◆ WHAT YOU HAVE TO DO
For this exercise, repeat exactly the lines below starting at the line holding "elaanna cam image #6155975" and ending at the line holding "319 - 7373 MARTIN GROVE ROAD", both included, with no extra lines and no pictures.

◆ INFORMATION PROVIDED
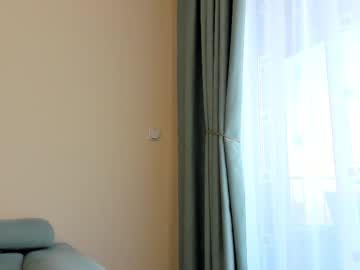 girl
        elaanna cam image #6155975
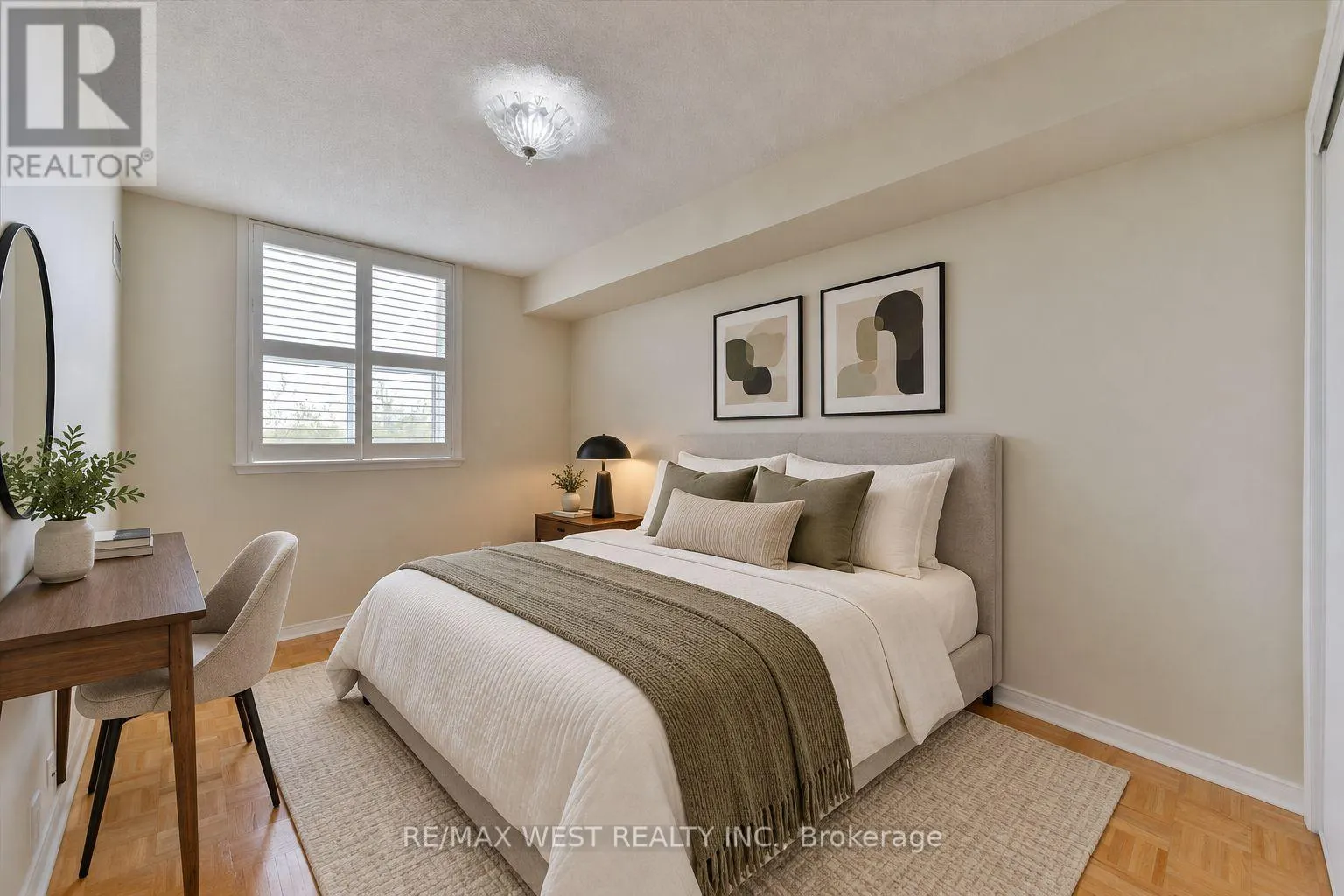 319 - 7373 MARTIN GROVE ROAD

...

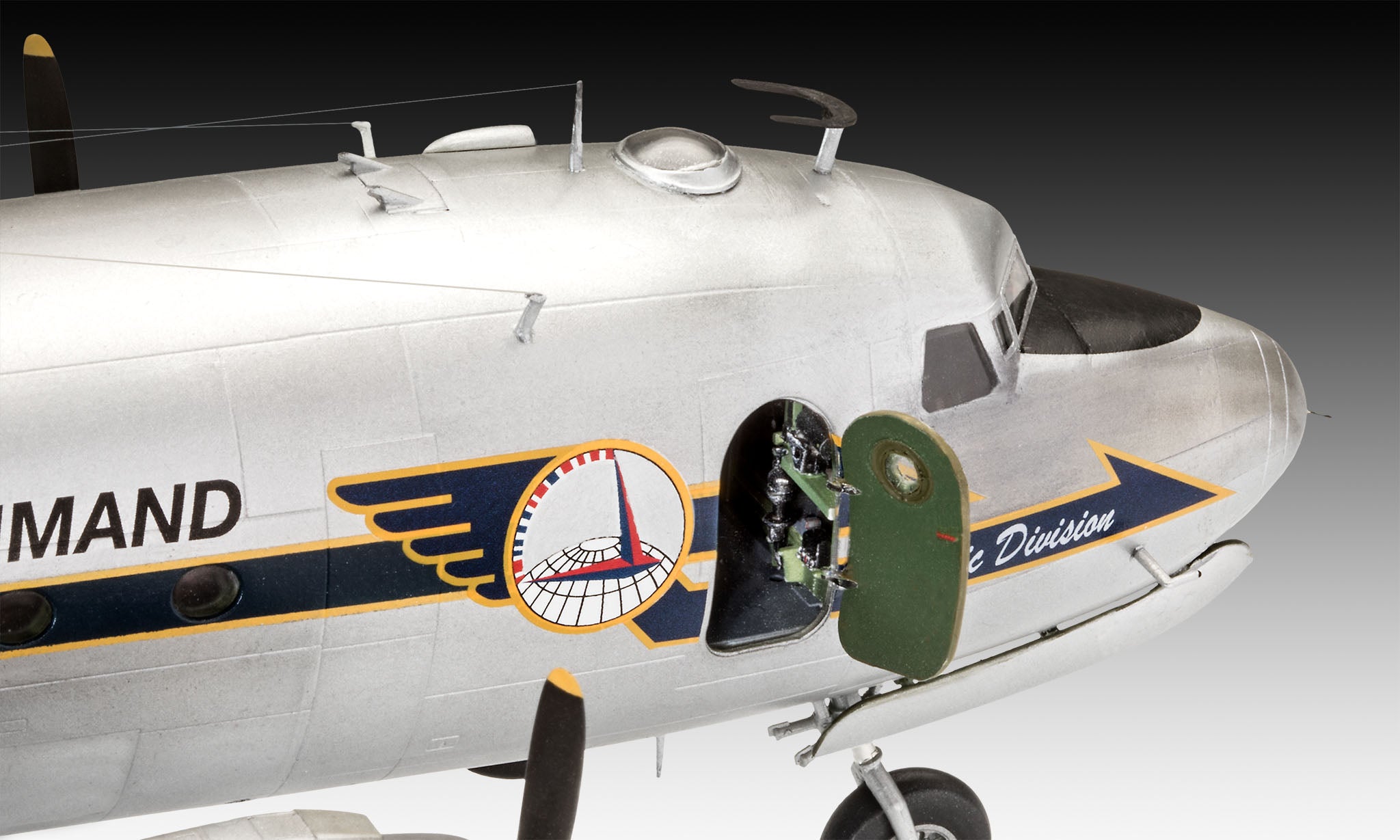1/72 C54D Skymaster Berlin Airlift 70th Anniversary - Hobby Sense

◆ RESULT
        elaanna cam image #6155975
 319 - 7373 MARTIN GROVE ROAD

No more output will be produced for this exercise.